Toutes ces figures, et Henri III, et le duc de Guise, et d’autres, y compris ce Pierre de Blois qui a pour gloire d’avoir prononcé le premier le mot transsubstantiation, je les ai revues, monsieur, dans sa confuse évocation de l’histoire, en feuilletant votre précieux recueil. Votre fontaine de Louis XII m’a arrêté longtemps. Vous l’avez reproduite comme je l’ai vue, toute vieille, toute jeune, charmante. C’est une de vos meilleures planches. Je crois bien que la Rouennerie en gros, constatée par vous vis-à-vis l’hôtel d’Amboise, était déjà là de mon temps. Vous avez un talent vrai et fin, le coup d’œil qui saisit le style, la touche ferme, agile et forte, beaucoup d’esprit dans le burin et beaucoup de naïveté, et ce don rare de la lumière dans l’ombre. Ce qui me frappe et me charme dans vos eaux-fortes, c’est le grand jour, la gaîté, l’aspect souriant, cette joie du commencement qui est toute la grâce du matin. Des planches semblent baignées d’aurore. C’est bien là Blois, mon Blois à moi, ma ville lumineuse. Car la première impression de l’arrivée m’est restée. Blois est pour moi radieux. Je ne vois Blois que dans le soleil levant. Ce sont là des effets de jeunesse et de patrie.

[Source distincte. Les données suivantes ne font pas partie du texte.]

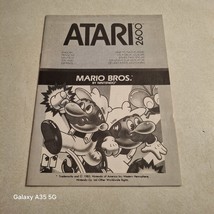 Atari 2600 Mario Brothers game manual in excellent condition  - $16.73 CAD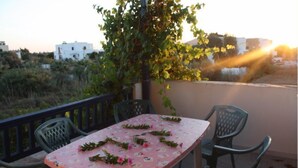 Une table recouverte d’une nappe à motifs floraux, entourée de chaises, sur un balcon extérieur offrant une vue sur des bâtiments et de la verdure.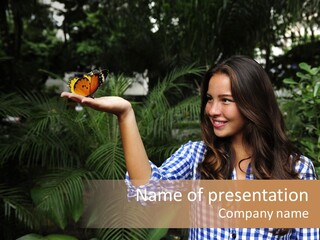 A Woman Holding A Butterfly In Her Hand PowerPoint Template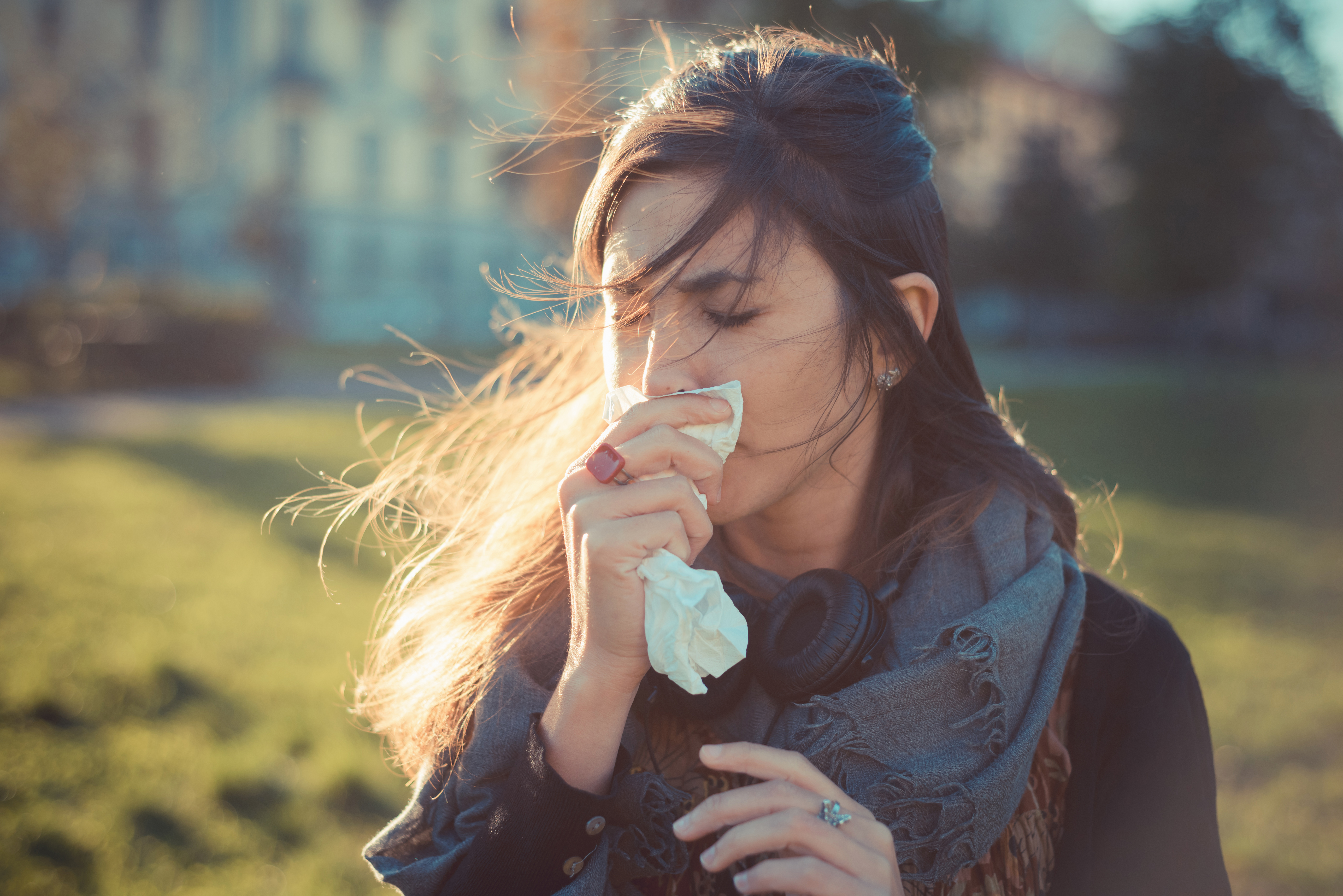 Woman blowing nose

Je me suis laissé aller à causer longuement avec vous, monsieur, parce que vous m’avez fait plaisir. Vous m’avez pris par mon faible, vous avez touché le coin sacré des souvenirs. J’ai quelquefois de la tristesse amère, vous m’avez donné de la tristesse douce. Être doucement triste, c’est là le plaisir. Je vous en suis reconnaissant. Je suis heureux qu’elle soit si bien conservée, si peu défaite, et si pareille encore à ce que je l’ai vue il y a quarante ans, cette ville à laquelle m’attache cet invisible écheveau des fils de l’âme, impossible à rompre, ce Blois qui m’a vu adolescent, ce Blois où les rues me connaissent, où une maison m’a aimé, et où je viens de me promener en votre compagnie, cherchant les cheveux blancs de mon père et trouvant les miens.

Je vous serre la main, monsieur.

Victor Hugo

  1. Les Rues et Maisons du vieux Blois, eaux-fortes par A. Queyroy.